• _Supplied material_:

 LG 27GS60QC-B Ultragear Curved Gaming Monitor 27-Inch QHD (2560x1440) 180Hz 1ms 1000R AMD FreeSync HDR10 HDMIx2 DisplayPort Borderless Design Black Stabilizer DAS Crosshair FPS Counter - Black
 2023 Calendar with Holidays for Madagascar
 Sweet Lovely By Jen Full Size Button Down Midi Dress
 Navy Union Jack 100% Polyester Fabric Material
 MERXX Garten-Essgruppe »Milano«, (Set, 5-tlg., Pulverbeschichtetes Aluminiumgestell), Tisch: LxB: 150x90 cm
---
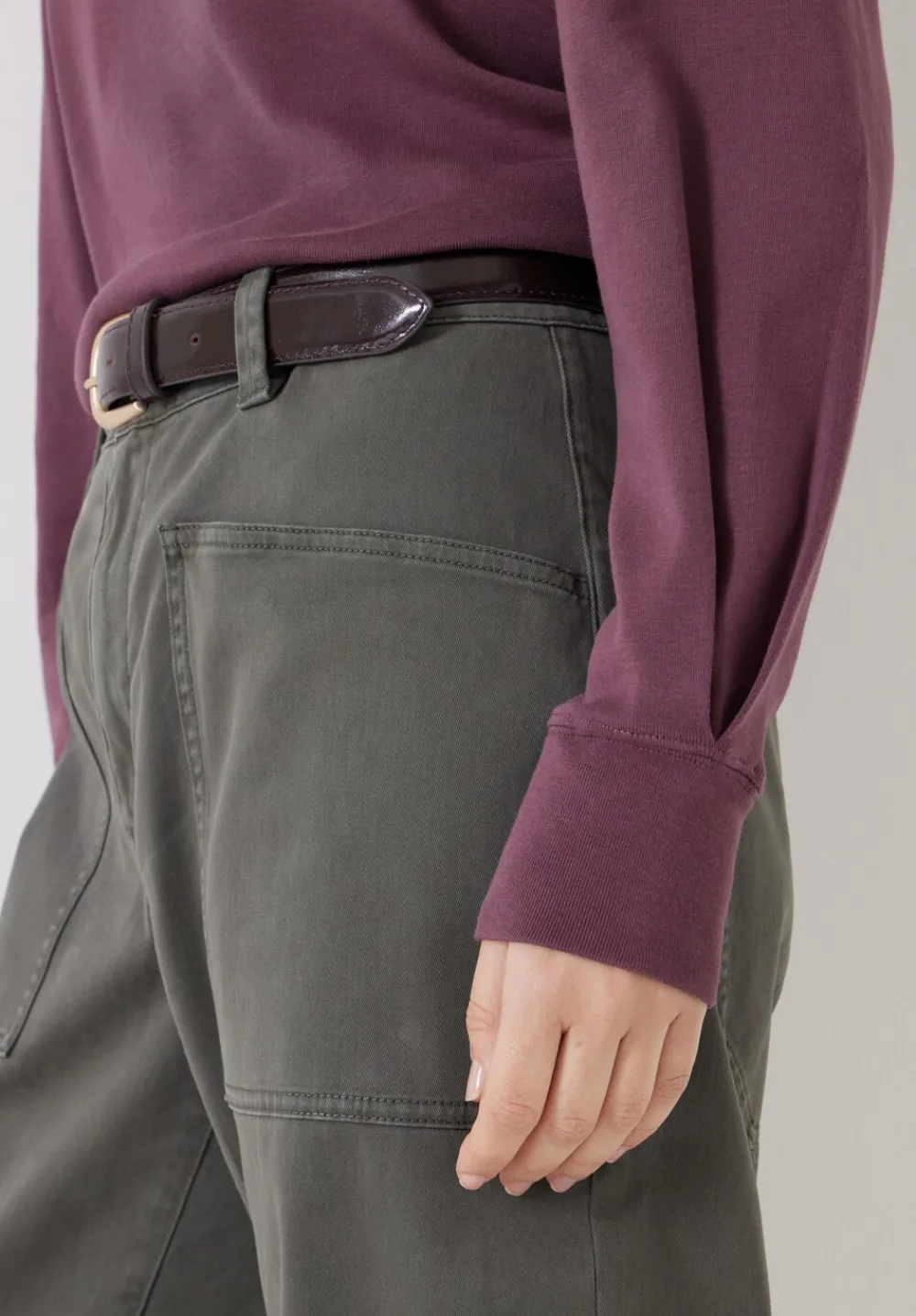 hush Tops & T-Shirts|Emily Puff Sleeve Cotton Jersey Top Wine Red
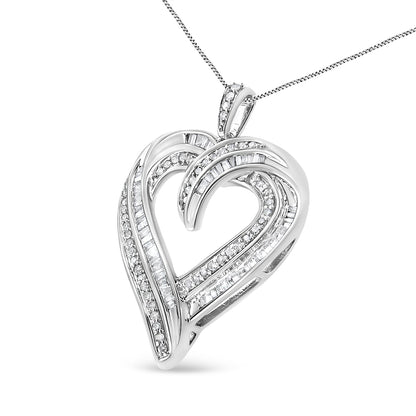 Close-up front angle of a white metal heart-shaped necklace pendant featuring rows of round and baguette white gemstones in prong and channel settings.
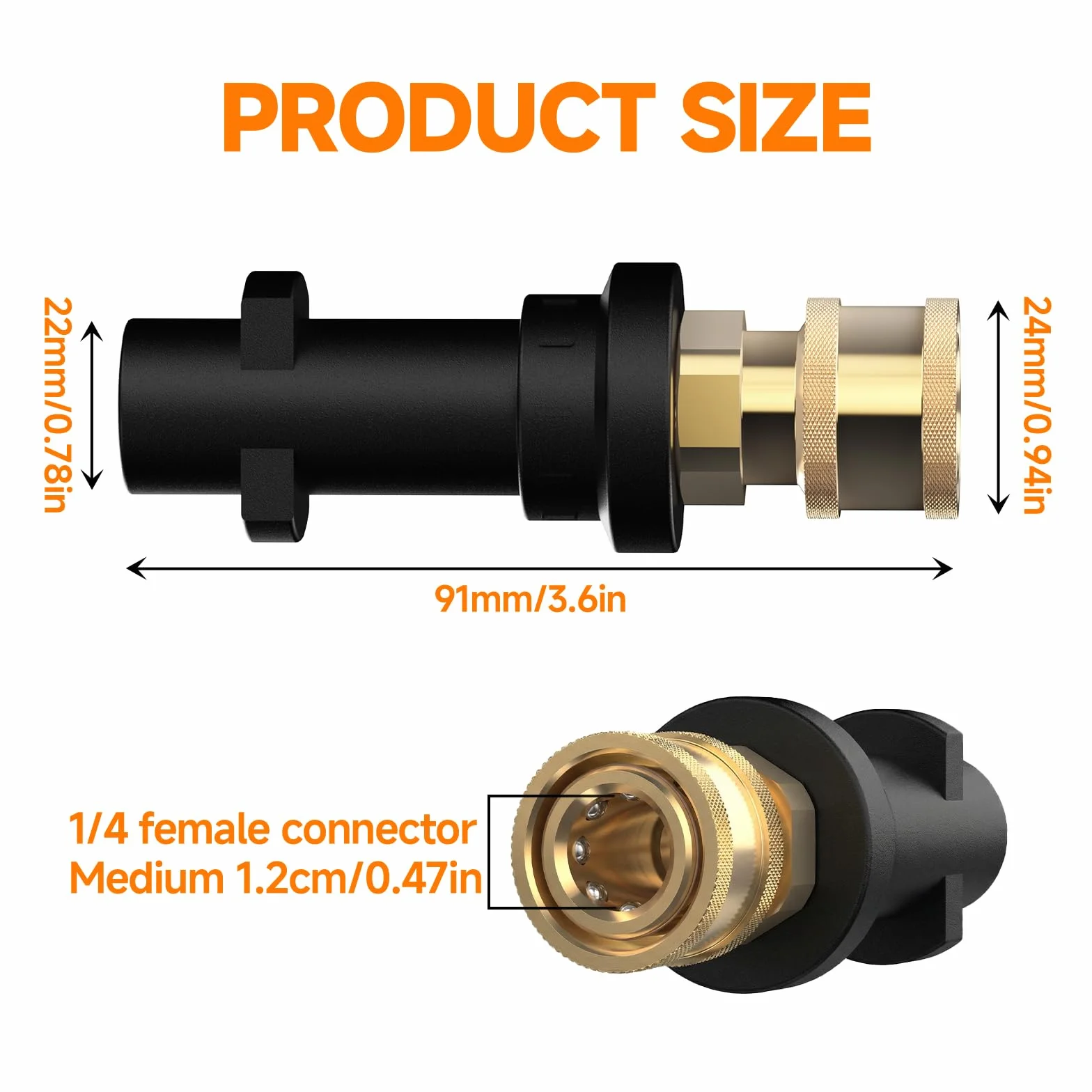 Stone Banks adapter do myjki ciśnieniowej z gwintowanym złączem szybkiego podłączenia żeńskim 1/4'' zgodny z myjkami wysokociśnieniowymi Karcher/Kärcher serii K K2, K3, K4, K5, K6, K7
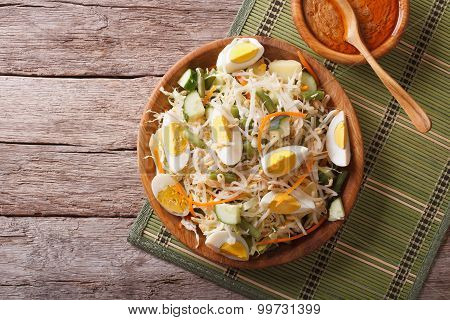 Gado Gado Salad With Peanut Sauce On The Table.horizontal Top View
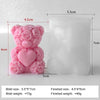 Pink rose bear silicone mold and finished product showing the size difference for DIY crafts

• _Task brief_:
Copy the entries above exactly, but only from the line holding "LG 27GS60QC-B Ultragear" through the line holding "LxB: 150x90 cm", both included.

• _Result of the exercise_:
 LG 27GS60QC-B Ultragear Curved Gaming Monitor 27-Inch QHD (2560x1440) 180Hz 1ms 1000R AMD FreeSync HDR10 HDMIx2 DisplayPort Borderless Design Black Stabilizer DAS Crosshair FPS Counter - Black
 2023 Calendar with Holidays for Madagascar
 Sweet Lovely By Jen Full Size Button Down Midi Dress
 Navy Union Jack 100% Polyester Fabric Material
 MERXX Garten-Essgruppe »Milano«, (Set, 5-tlg., Pulverbeschichtetes Aluminiumgestell), Tisch: LxB: 150x90 cm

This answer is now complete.